The city’s most important streets were planted with rows of trees, which provided shade and cooling in hot summers, but at the same time darkened them in the evening and in autumn and winter. This sparse urban greenery was complemented by gardens, especially those of a public nature, among them the popular Błędnik (Irrgarten), founded in the early 18th century in the vicinity of the Oliwa Gate. Connoisseurs (and insiders), on the other hand, were served by botanical gardens established by Danzig scholars (e.g. the Breyne’s) (the latter in the Long Gardens). Completed in 1770 with the foundation of Daniel Gralath the Elder, the so-called Great Avenue, formed from four rows of linden trees shading the route between Danzig and Wrzeszcz, soon became a popular place for excursions and walks for Danzigers from various, not only the wealthiest, spheres. 
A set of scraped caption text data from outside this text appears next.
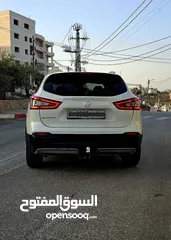  12 جيب نيسان كاشكاي جي تي لاين فل مسكر مع بانوارما 2019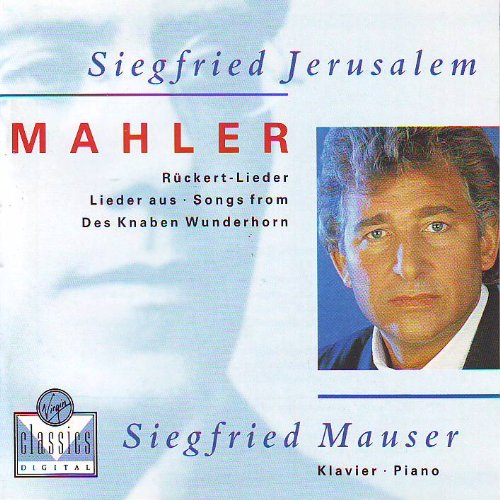 Mahler: Rückert-Lieder / Des Knaben Wunderhorn Classical
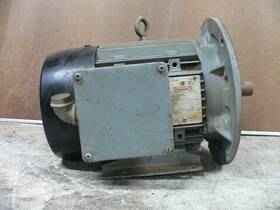 2425109-04 Brook Hansen 5hp 3480rpm 575v Ac Motor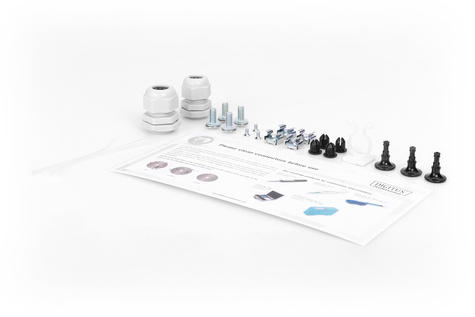 DIGITUS DN-96320/9 patch paneel 1U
Those who had the opportunity to come to Gdansk from outside praised some of the inns and hotels, usually giving the highest marks to the hotel in the English House, and, of the cafes, the famous Mennonite Momber’s place on Żabi Kruku, serving very good coffee. Although the cleanliness of the streets left a lot to be desired, attention was drawn to the reasonably good quality of the water, the fire and thief safety measures taken, as well as the general orderliness of the city. Already at that time, Gdańsk appeared to be a city full of tourist attractions, with St Mary’s Church, the Great Armoury and Artus Court at the forefront. There were also visits to charitable and rehabilitation institutions (including, even passionately, the House of Correction at Zamczysko), admired library collections, collections of curiosities and works of art. Certainly, there was still a lack of good theatre in Danzig, although a substitute for it was the former fencing school in the neighbourhood of the City Court, converted in 1730 into a theatre hall. Itinerant theatre troupes, the most famous of which was the Schuch family troupe, gave visitors an insight into the latest European repertoire. In short, people came here to do good business, learn about the world and breathe in the atmosphere of a well-appointed European city. One should not be surprised, therefore, by reactions such as the emotional note in the diary of the Polish aristocrat Teofila Konstancja of Radziwill Morawska, who, travelling through Gdansk in 1773, wrote that Gdansk was “the most commercial, free, rich, orderly, large and beautiful city in our country”. Increasingly, however, visitors enjoying the charms of the city on the Motlawa River expressed concerns about whether Danzig would be able to defend itself against the designs of King Frederick II of Prussia. During the first partition of Poland, the city resisted pressure from the Prussians, but this was mainly with the patronage and support of the Russian Tsarina, Catherine II. Twenty years later, in a political constellation less favourable to Danzig, the cession to the Kingdom of Prussia became a reality. 

For several more decades, right up to the end of the Napoleonic era and the Congress of Vienna in 1815, the centre struggled to maintain at least a modicum of its former autonomy. The cultural heritage developed in the modern era, especially in the 18th century, first became the subject of sentimental admiration and then the object of care, protection and scientific and journalistic inquiry.